Which leads to our passage for the night
Background on 1 Corinthians’ letter and the city of Corinth
- Las Vegas on steroids re: morality.
- “Corinthianize” = practicing sexual immorality
- New York City re: business and trades
Read 1 Corinthians 3:1-3, 16-17
I. The Problem (vv. 1-3)
a. They are people of the flesh, infants in Christ, still drinking spiritual milk when they should’ve been eating solid food …of the flesh…of the flesh…and behaving only in a human way.
b. They looked no different than the rest of the world.
1. Throughout 1 Cor. they are self-seeking babies, pastor-worshipers, lawsuit-infested, sex-whores, and spiritual gift abusers.
II. The Temple (vv.16-17)
a. “The Tabernacle represented God’s royal tent. Its form and adornment marked it as a symbolic representation of the created cosmos over which God is sovereign as Creator and Lord…it stood for the center of the cosmos from which the Creator reigns, the place where the heavenly and earthly realms converged.”~NIV Study Bible note on Tabernacle
b. When people wanted to know a god or see their image they’d go to their temple.

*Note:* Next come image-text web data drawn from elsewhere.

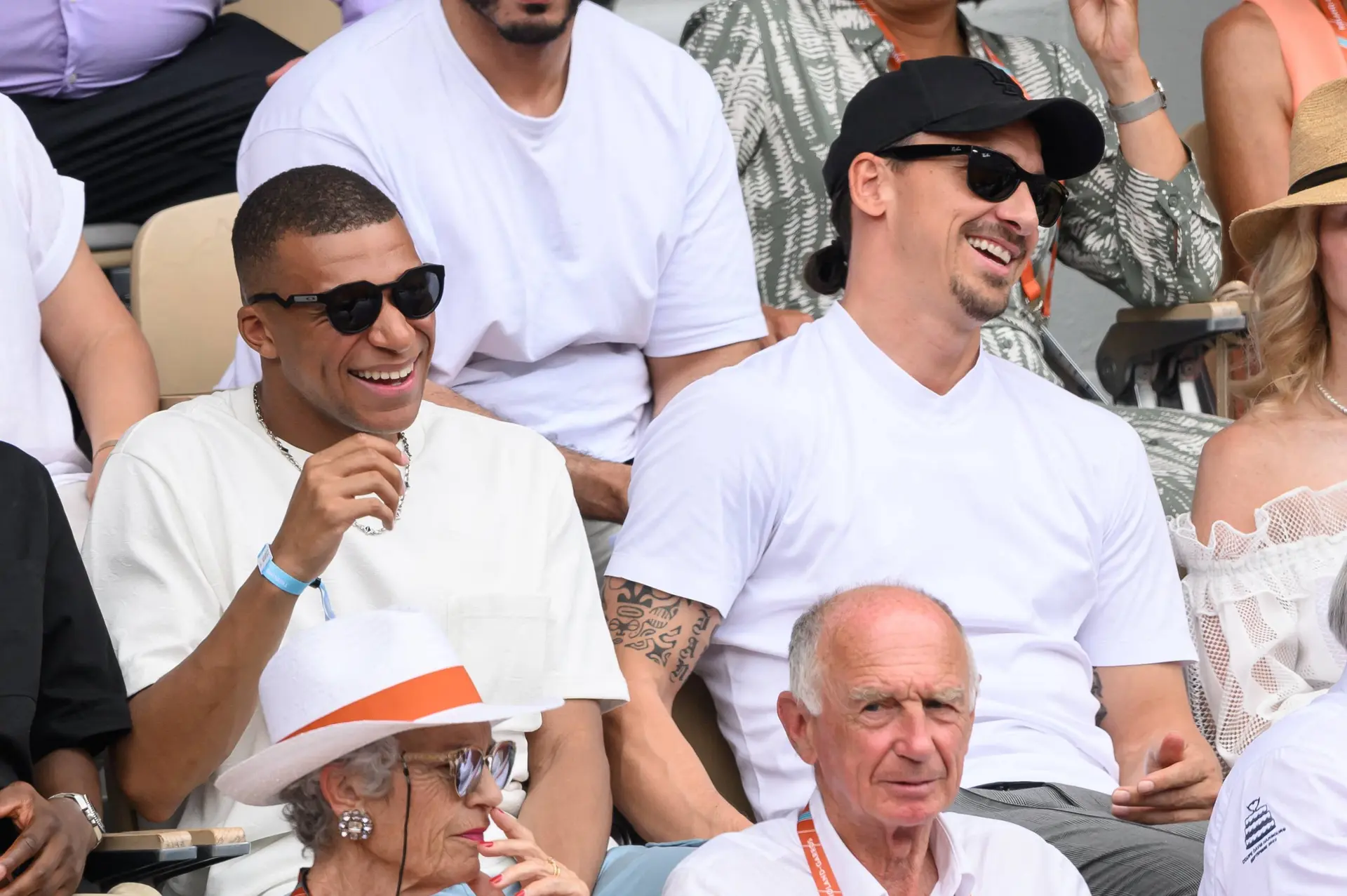 Ibrahimovic fait une Mbappé avec le PSG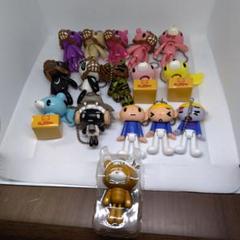 グルーミー　ぷらーんぷらーんキーチェーン　Vol3フルコンプ　シークレット含む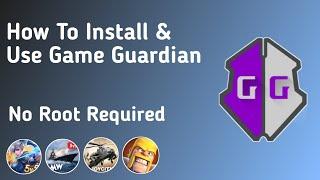 How To Install and Use Game Guardian Apk In Hindi 2024 | No Root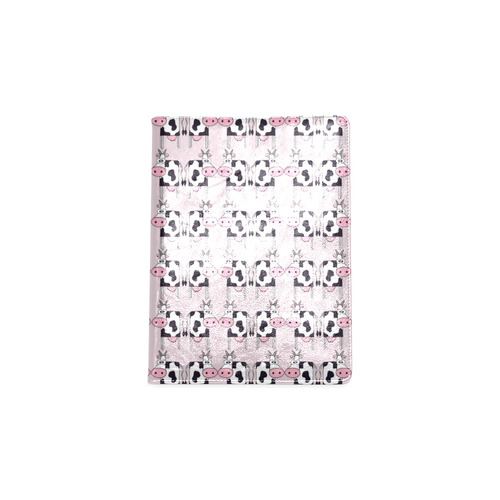 Cow Pattern Custom NoteBook B5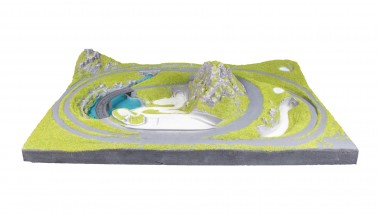 Noch 87043 Fertiggelände Bozen 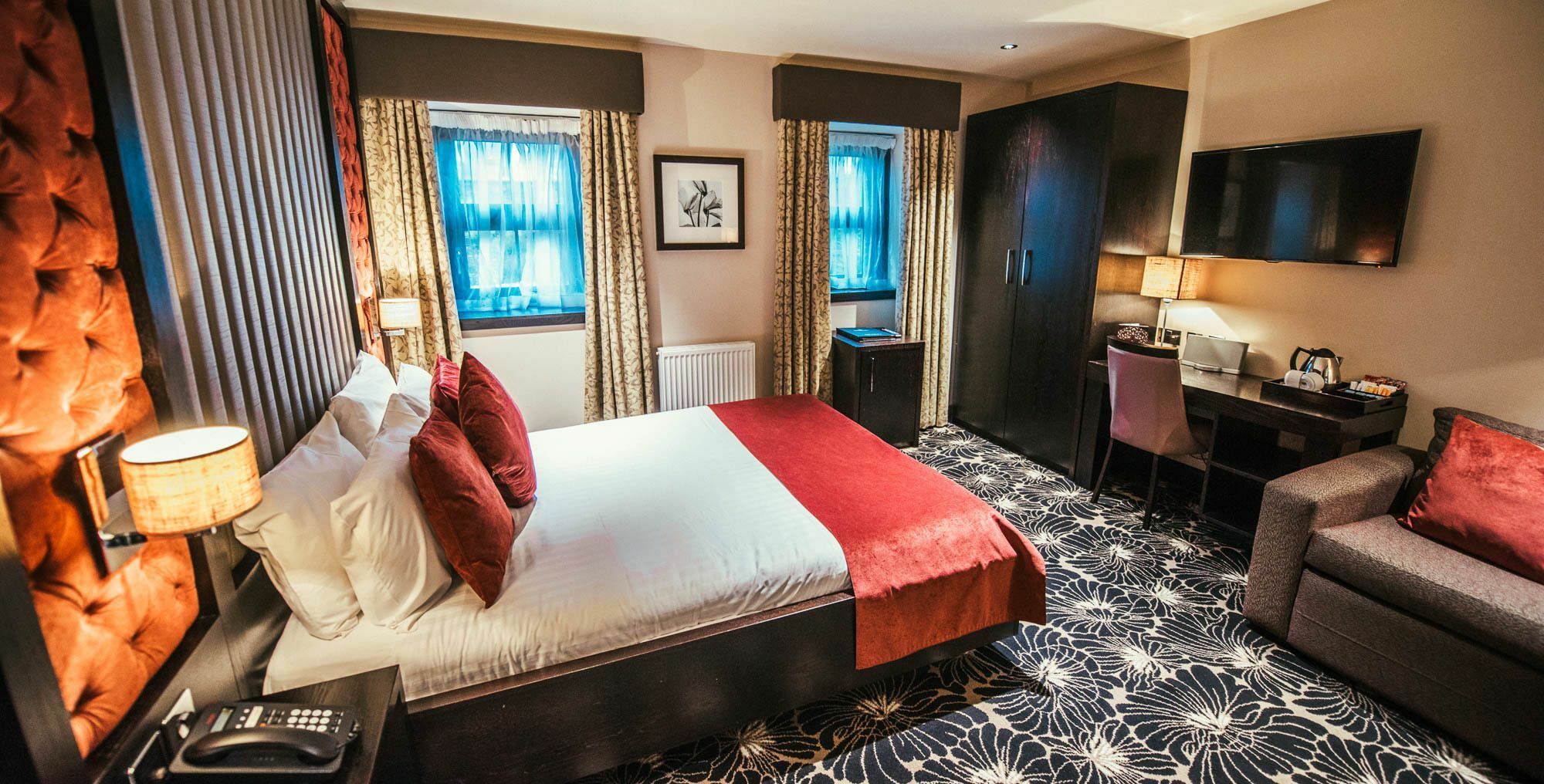 The Torrance Hotel 이스트킬브라이드 외부 사진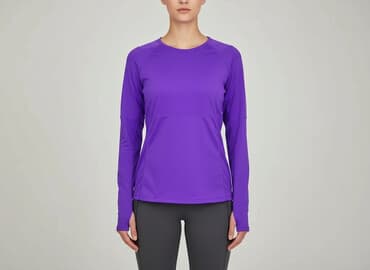 bluzy sportowe: Bluzka damska, rozmiar S — 5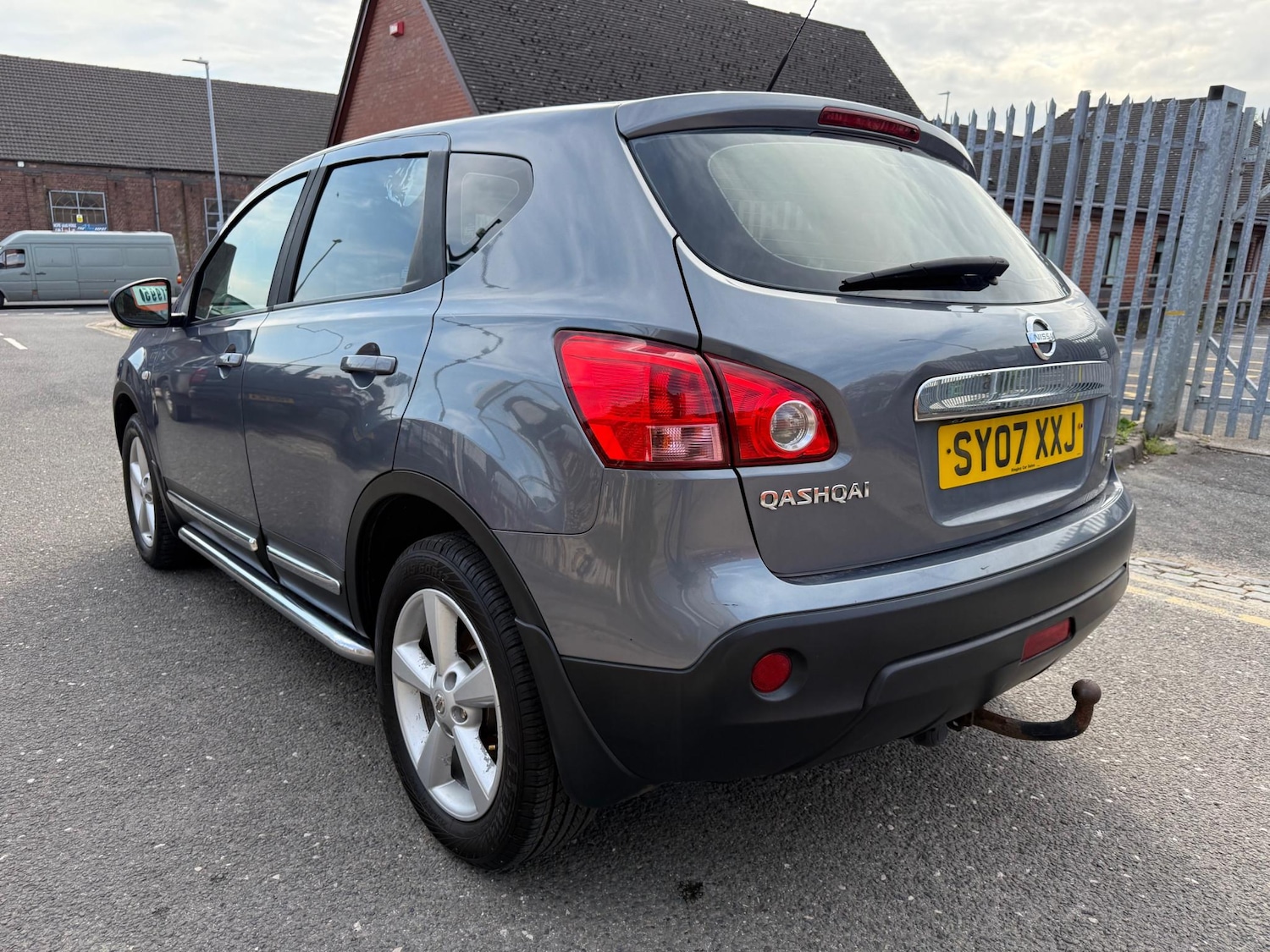 Used Nissan Qashqai 2007 for sale - 76416202: Photo 13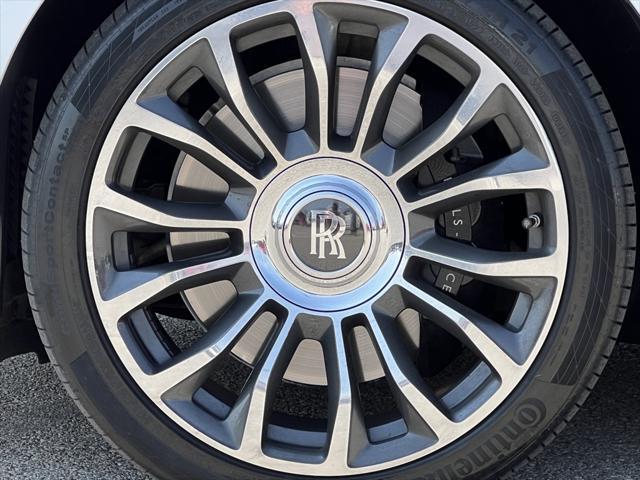 used 2020 Rolls-Royce Dawn car, priced at $279,990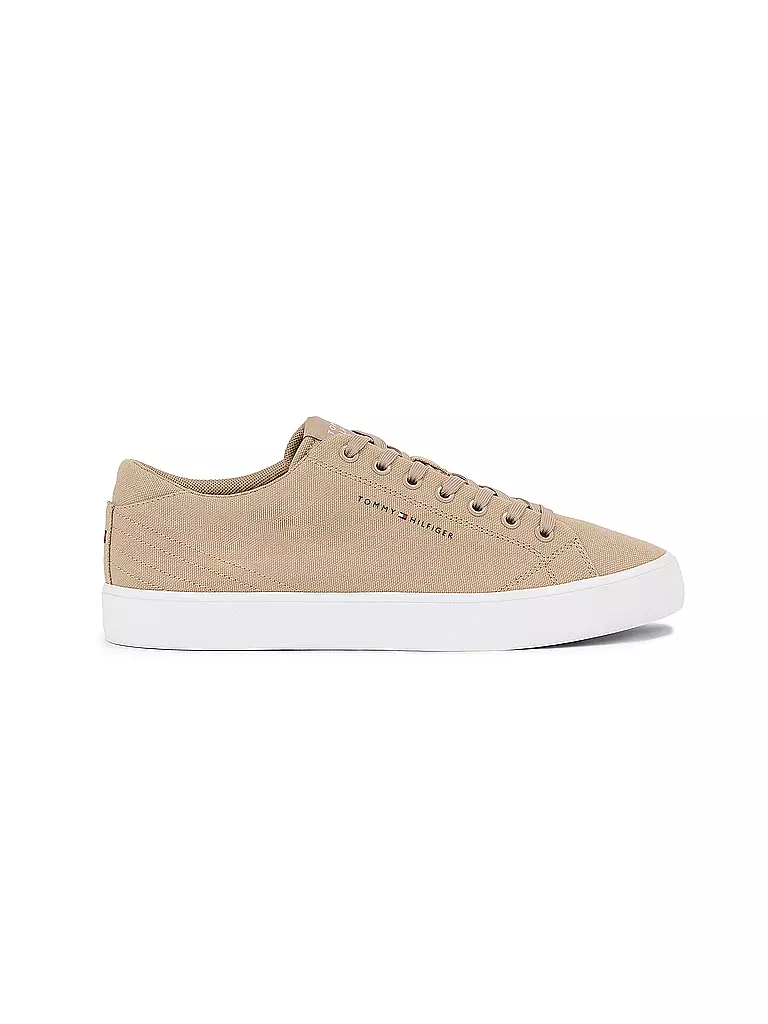 TOMMY HILFIGER | Zapatillas TH HI VULC | Beige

c. The world is looking to Christians to see what God looks like and they’re seeing the same thing they anywhere else and God is profaned b/c of that.
d. What do people see when they look to God’s Temple on our campus?
1. Self-seeking babies? Or people who look out for the interests of others?
2. Pastor-worshipers? Or Jesus worshipers?
3. Dealing with issues by crying to our RA? Or mature men and women of God who confront one another in love and humility with rebuke, corrections, encouragement and forgiveness?
4. Reality porn shows? Or people who value purity and recognize that their bodies are not their own and that they were bought with a price?
5. Arrogant spiritual gift abusers? Or people who do not think more than themselves than they ought to but rather in sober judgment recognizing that every good and perfect gift is a GIFT and is from the Lord?
So what now?
III. The Solution (Rom. 12:1-2)
a. What does a living sacrifice look like?
Show Picture from The Passion of the Christ, Gethsemane scene
· This is what a living sacrifice looks like.
· He knew Who He was as God’s Son, why He came, and how it would go down.
· He is the very mercy of God to base our offer of living sacrifice upon.
- He is the Temple that Christians look at to see Who God is as the world looks at Christians to see Who God is.